### WHAT YOU ARE ASKED TO DO
Copy only the lines from the one containing "מערכת הקלטה DVR" through the final line of the records below, exactly as written, with no pictures.
▼
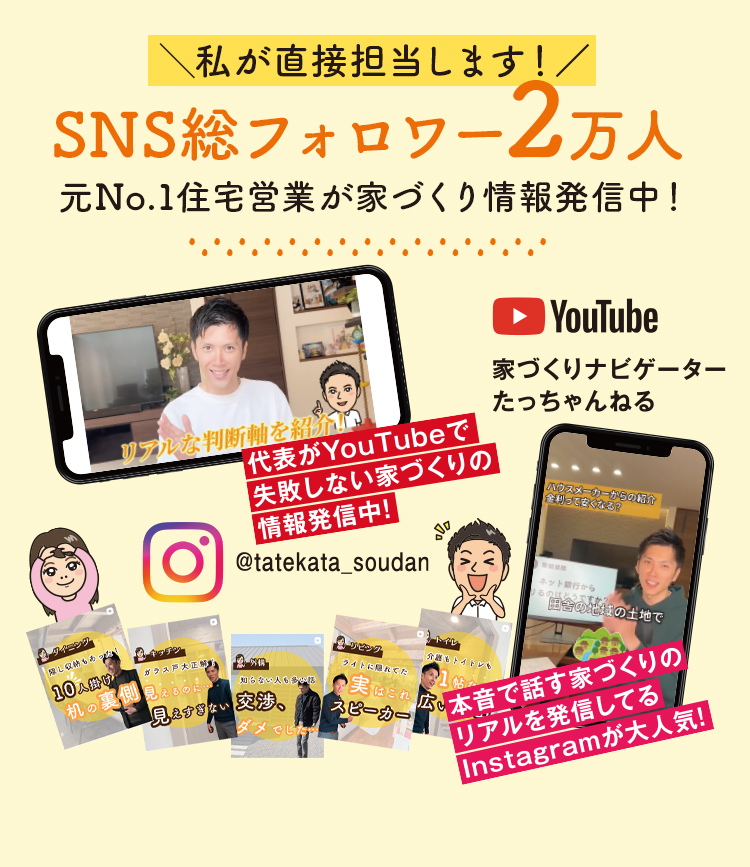 SNS総フォロワー2万人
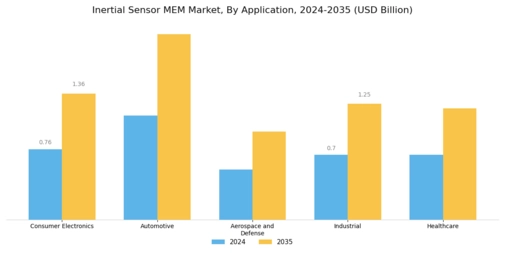 Inertial Sensor MEM Market Segment Image 0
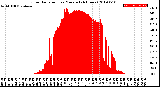 Milwaukee Weather Solar Radiation<br>per Minute<br>(24 Hours)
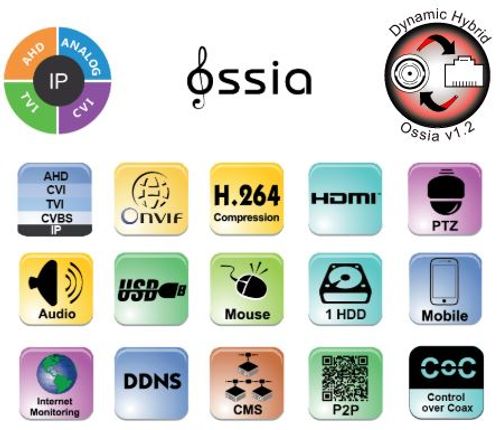 מערכת הקלטה DVR ל 4 מצלמות + מצלמה 1 IP  DVR PROVISION SH-4100A-2L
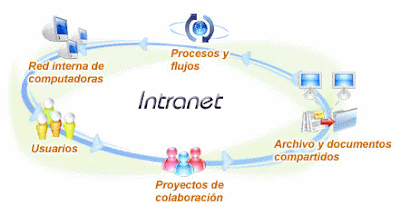 Intranet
▲
### SOLUTION TO THE PROBLEM
 מערכת הקלטה DVR ל 4 מצלמות + מצלמה 1 IP  DVR PROVISION SH-4100A-2L
 Intranet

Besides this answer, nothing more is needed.